Start of Materials provided

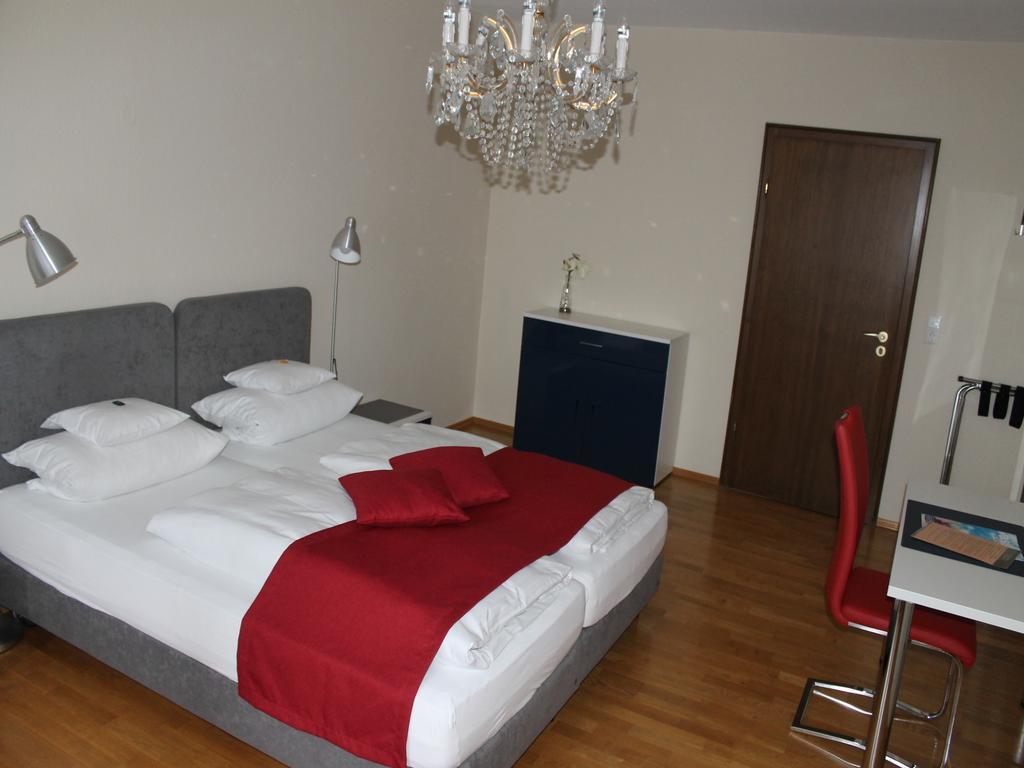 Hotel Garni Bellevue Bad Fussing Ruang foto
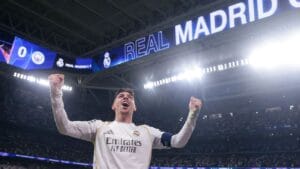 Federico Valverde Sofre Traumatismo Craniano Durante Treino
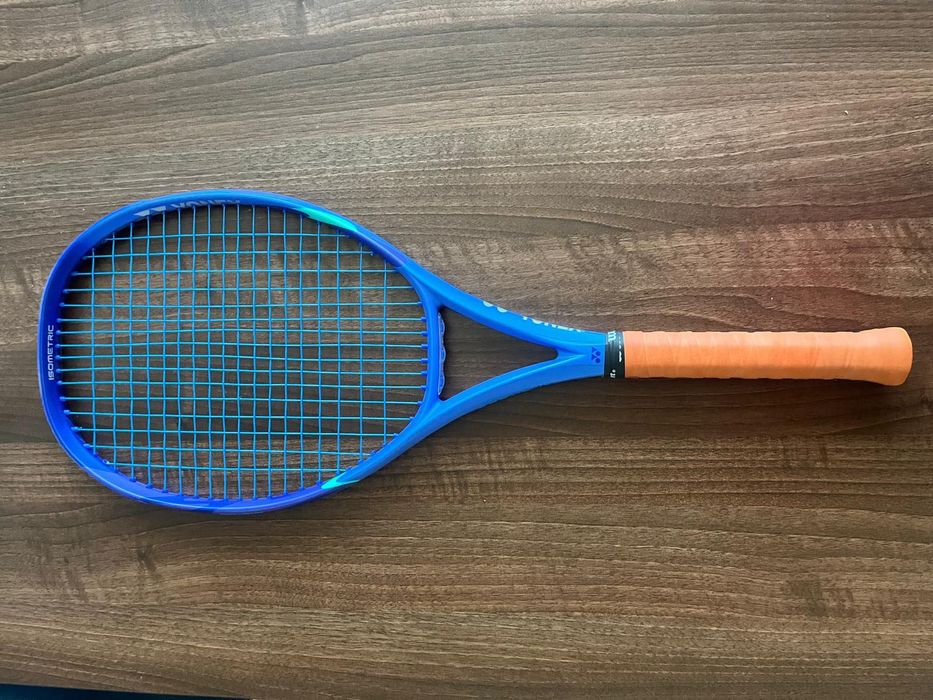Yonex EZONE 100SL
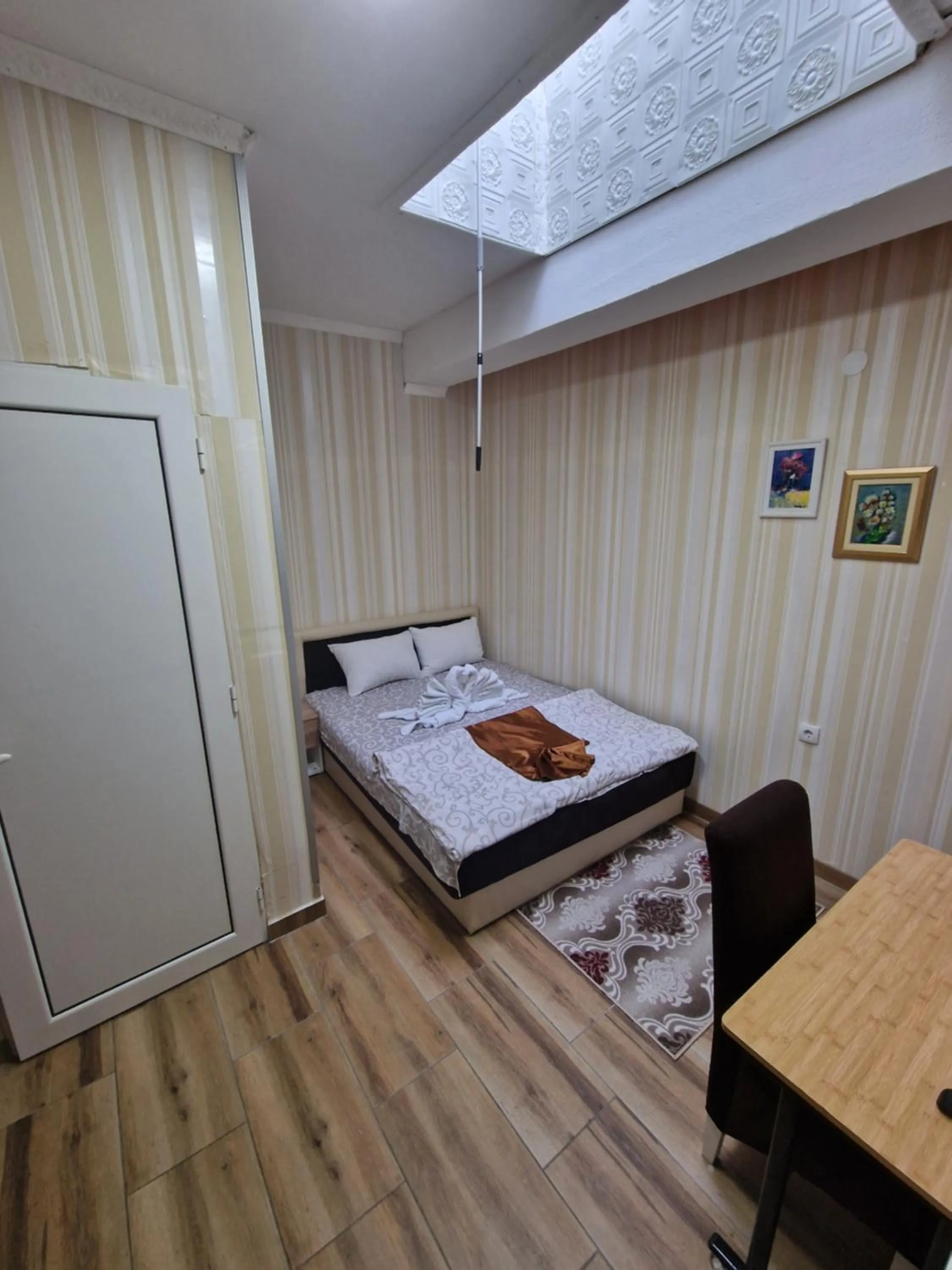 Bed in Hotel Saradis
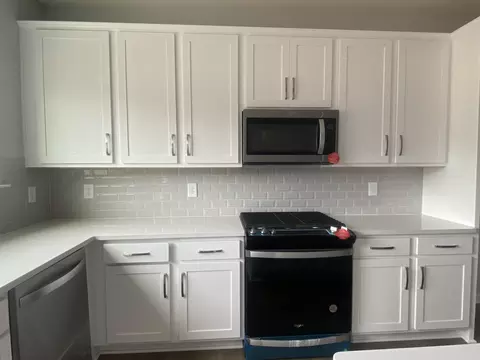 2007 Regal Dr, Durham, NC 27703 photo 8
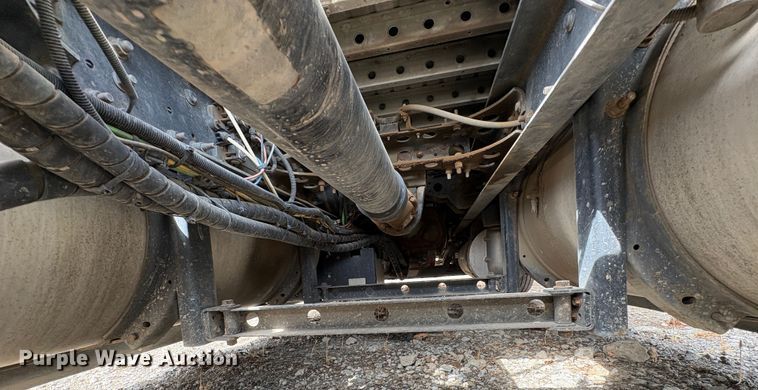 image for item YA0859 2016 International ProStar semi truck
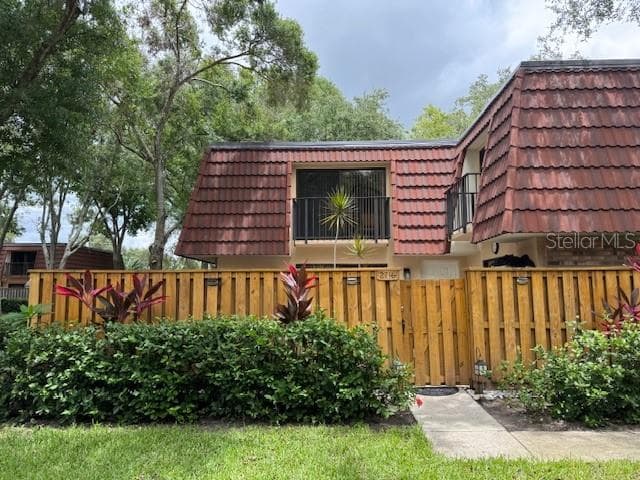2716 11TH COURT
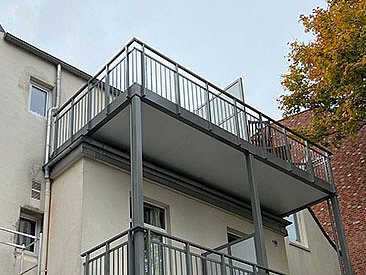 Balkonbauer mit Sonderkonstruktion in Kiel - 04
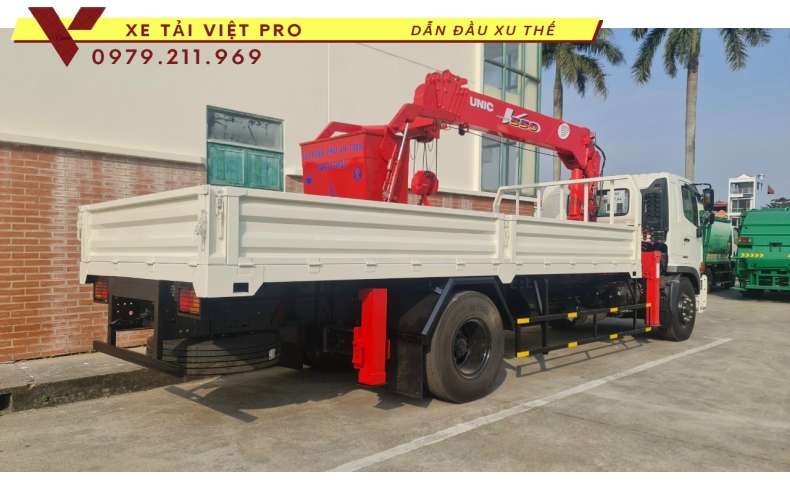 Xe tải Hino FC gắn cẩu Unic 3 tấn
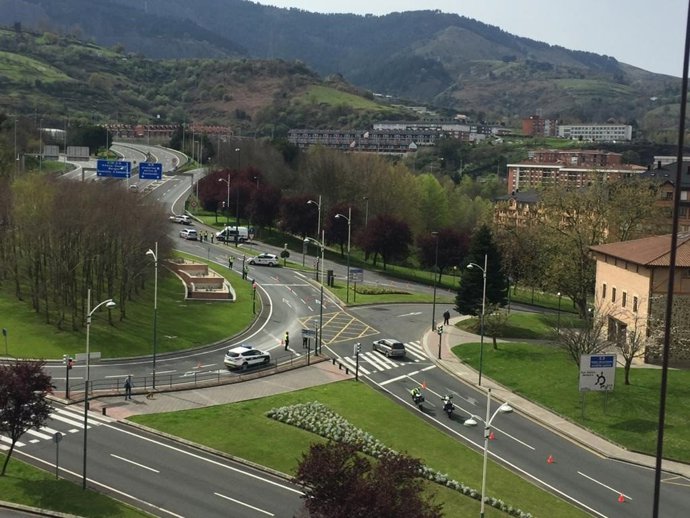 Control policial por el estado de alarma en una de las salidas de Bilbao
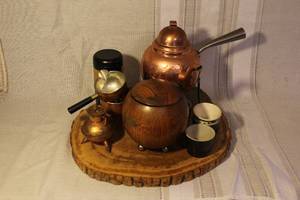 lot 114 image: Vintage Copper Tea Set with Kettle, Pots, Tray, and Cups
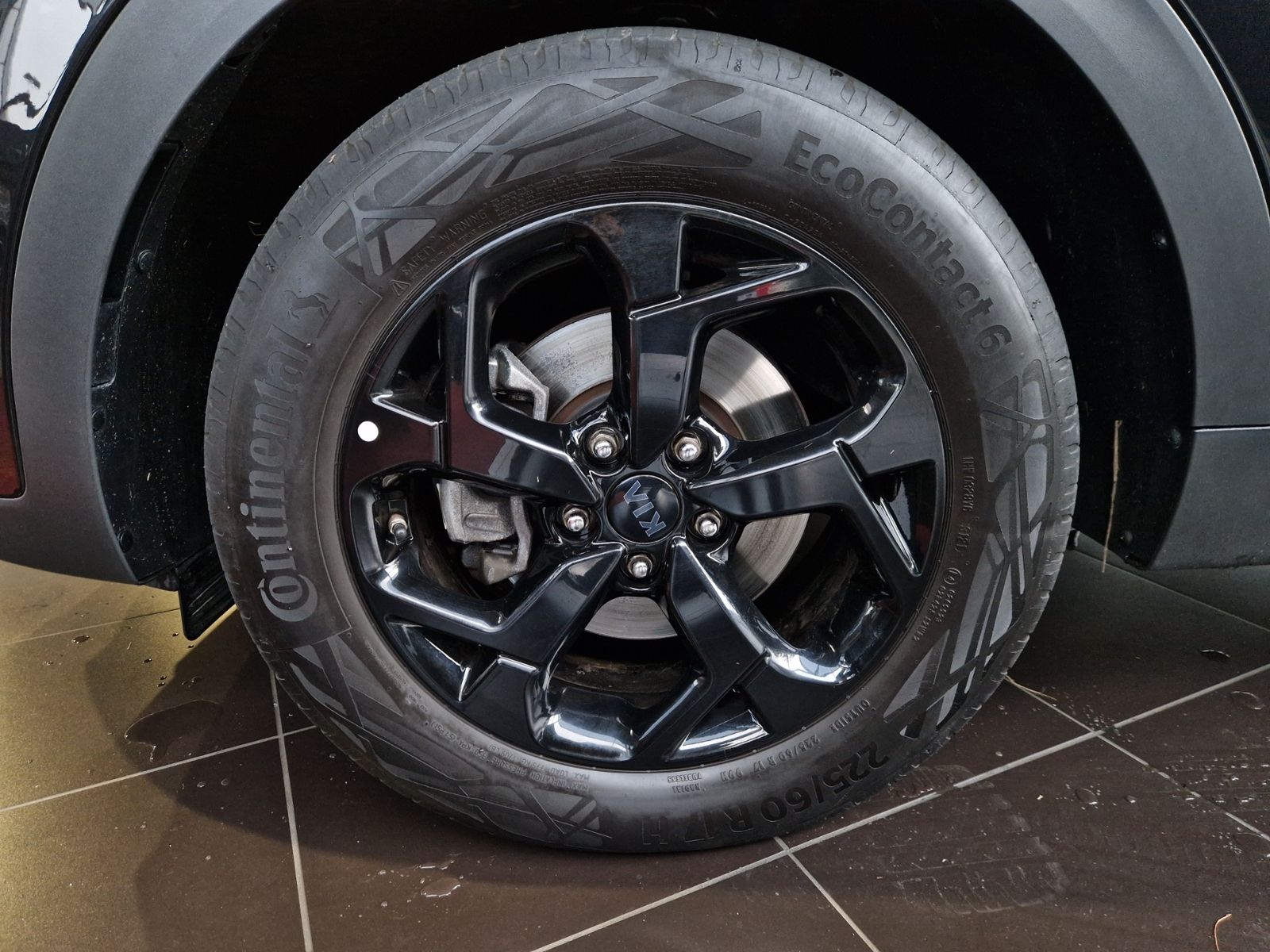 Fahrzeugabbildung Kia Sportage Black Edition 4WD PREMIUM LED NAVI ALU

End of Materials provided

The problem.
The line containing "Control policial por" and every line after it, up to the last line of the data, should be returned exactly, without the pictures.

Output of the exercise.
 Control policial por el estado de alarma en una de las salidas de Bilbao
 lot 114 image: Vintage Copper Tea Set with Kettle, Pots, Tray, and Cups
 Fahrzeugabbildung Kia Sportage Black Edition 4WD PREMIUM LED NAVI ALU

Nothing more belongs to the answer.